Exercise brief: A word-for-word copy of the listing is required, and it must contain no pictures.

Supplied information:
========
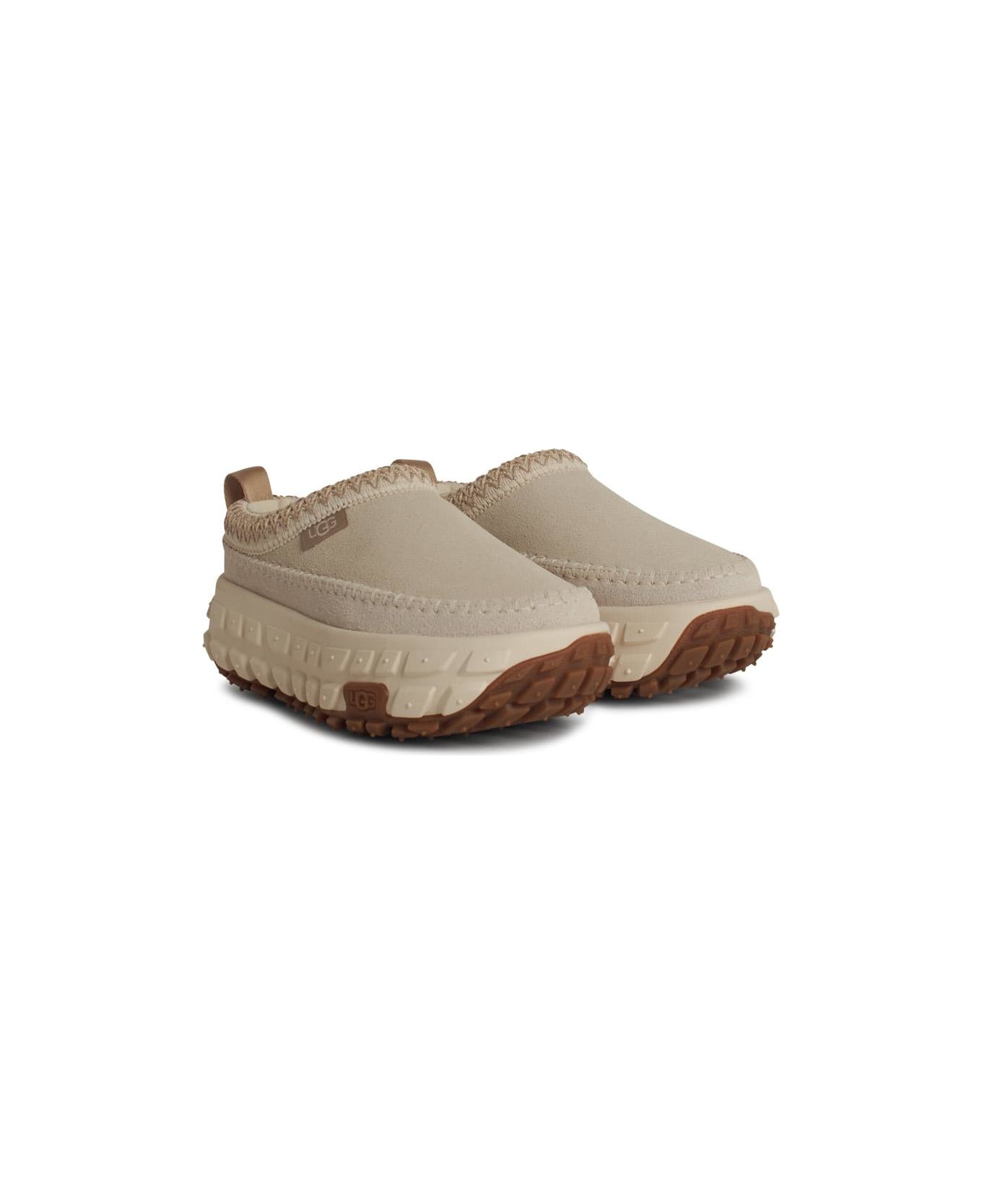 UGG 
venture
 White Suede Sneakers - White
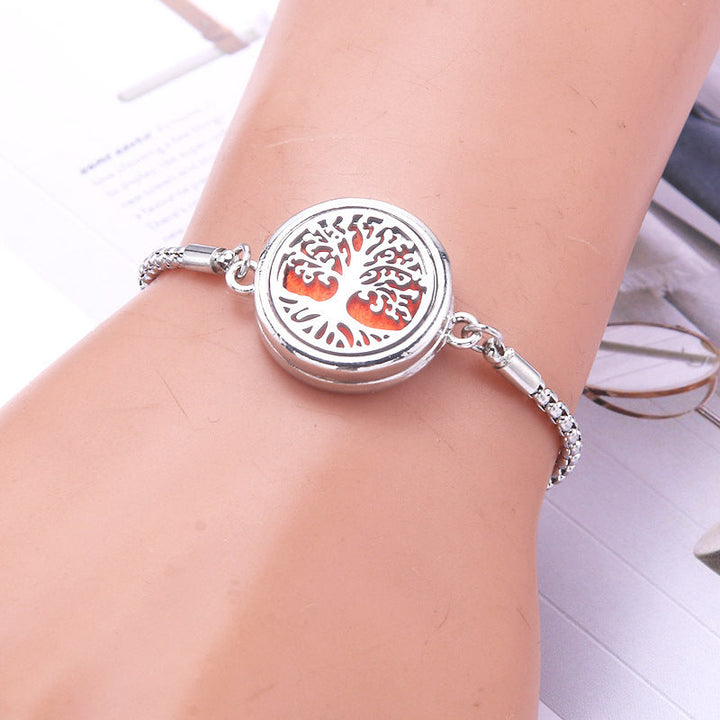 Elegant sølvfarvet armbånd i titaniumstål med et stilfuldt design og duftabsorberende filtpuder.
========
Task answer:
 UGG 
venture
 White Suede Sneakers - White
 Elegant sølvfarvet armbånd i titaniumstål med et stilfuldt design og duftabsorberende filtpuder.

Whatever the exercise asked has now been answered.